EXERCISE :: Retype, word for word, each line between the lines holding "BRC Small Organic" and "Výfuková trubka WALKER 01229", inclusive, and leave the rest of the data alone.

INFORMATION GIVEN ::
▬▬▬▬▬▬▬▬▬▬

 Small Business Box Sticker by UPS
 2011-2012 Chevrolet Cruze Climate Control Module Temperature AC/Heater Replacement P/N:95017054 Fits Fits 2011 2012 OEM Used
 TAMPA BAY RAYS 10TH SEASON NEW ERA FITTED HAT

▬▬▬▬▬▬▬▬▬▬

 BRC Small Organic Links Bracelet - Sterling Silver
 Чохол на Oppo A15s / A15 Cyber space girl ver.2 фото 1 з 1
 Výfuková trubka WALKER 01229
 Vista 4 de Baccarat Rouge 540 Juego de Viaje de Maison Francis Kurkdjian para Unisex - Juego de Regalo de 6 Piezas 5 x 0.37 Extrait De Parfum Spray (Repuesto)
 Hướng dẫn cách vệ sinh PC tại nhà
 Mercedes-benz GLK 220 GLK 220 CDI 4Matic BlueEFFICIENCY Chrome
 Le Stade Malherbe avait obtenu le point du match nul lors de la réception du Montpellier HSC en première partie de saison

▬▬▬▬▬▬▬▬▬▬

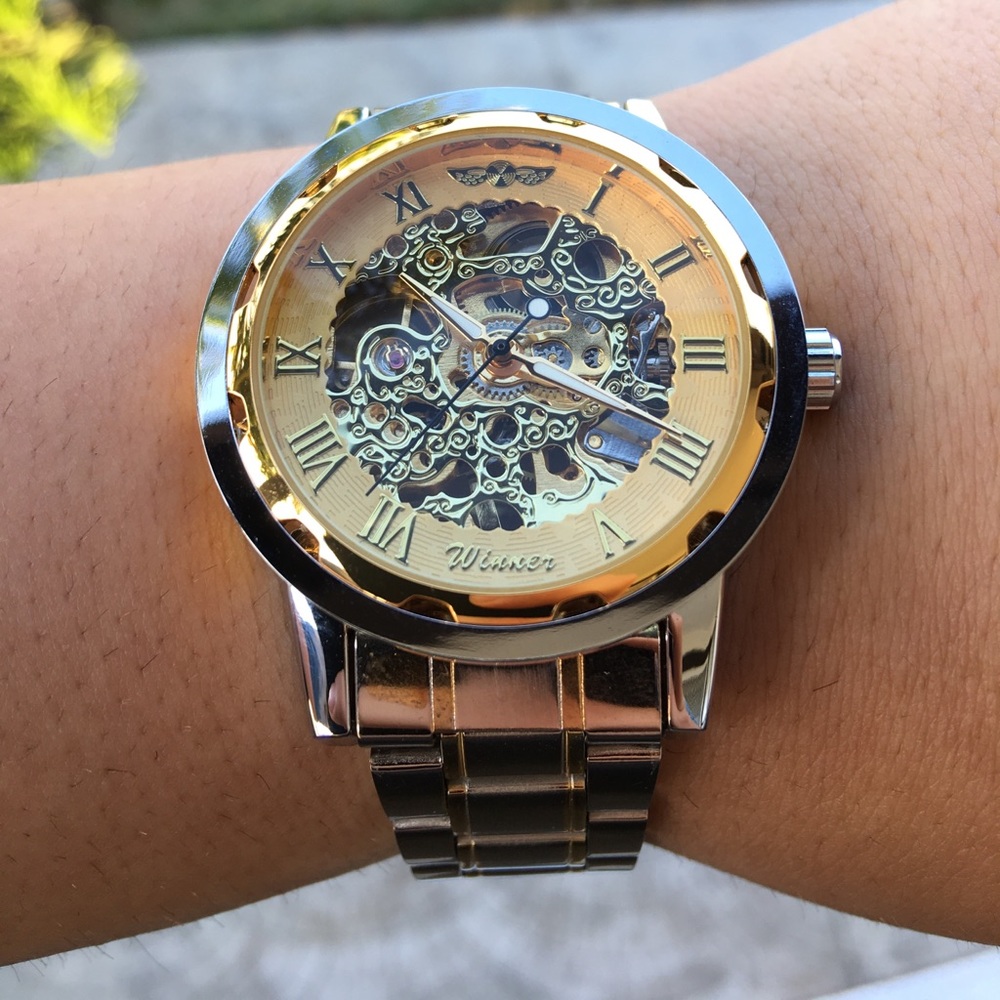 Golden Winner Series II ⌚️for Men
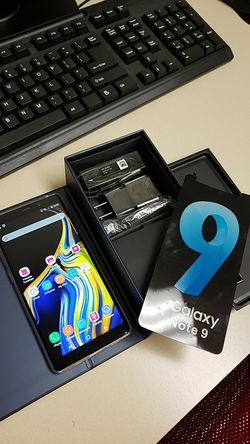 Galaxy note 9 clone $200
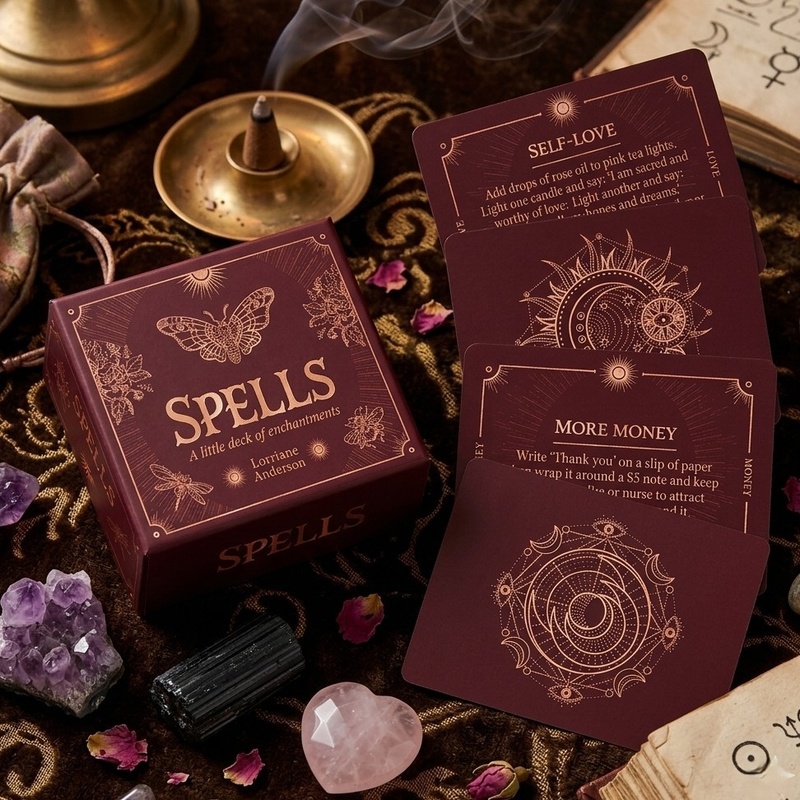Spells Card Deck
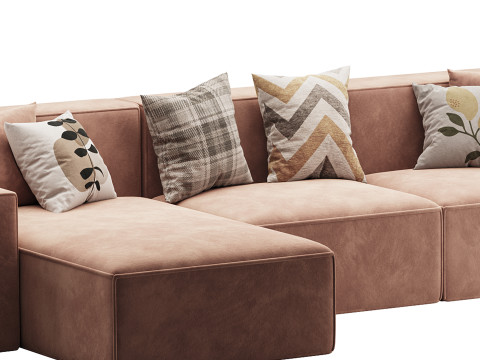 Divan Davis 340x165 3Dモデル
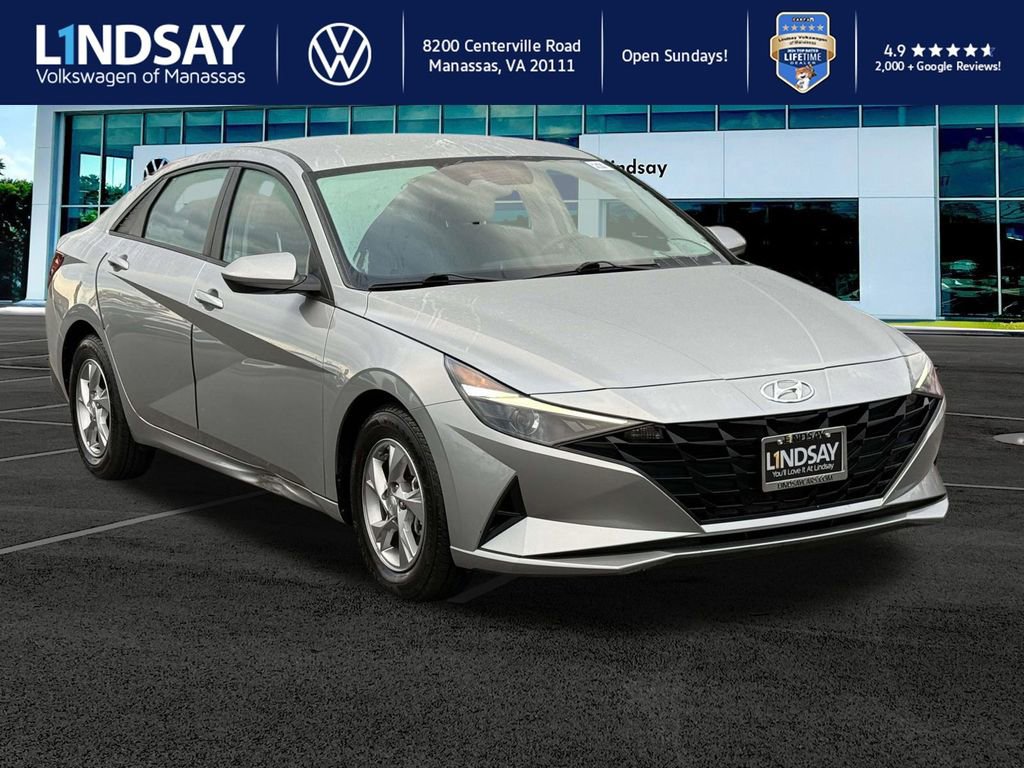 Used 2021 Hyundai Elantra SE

▬▬▬▬▬▬▬▬▬▬

RESULT OF THE TASK ::
 BRC Small Organic Links Bracelet - Sterling Silver
 Чохол на Oppo A15s / A15 Cyber space girl ver.2 фото 1 з 1
 Výfuková trubka WALKER 01229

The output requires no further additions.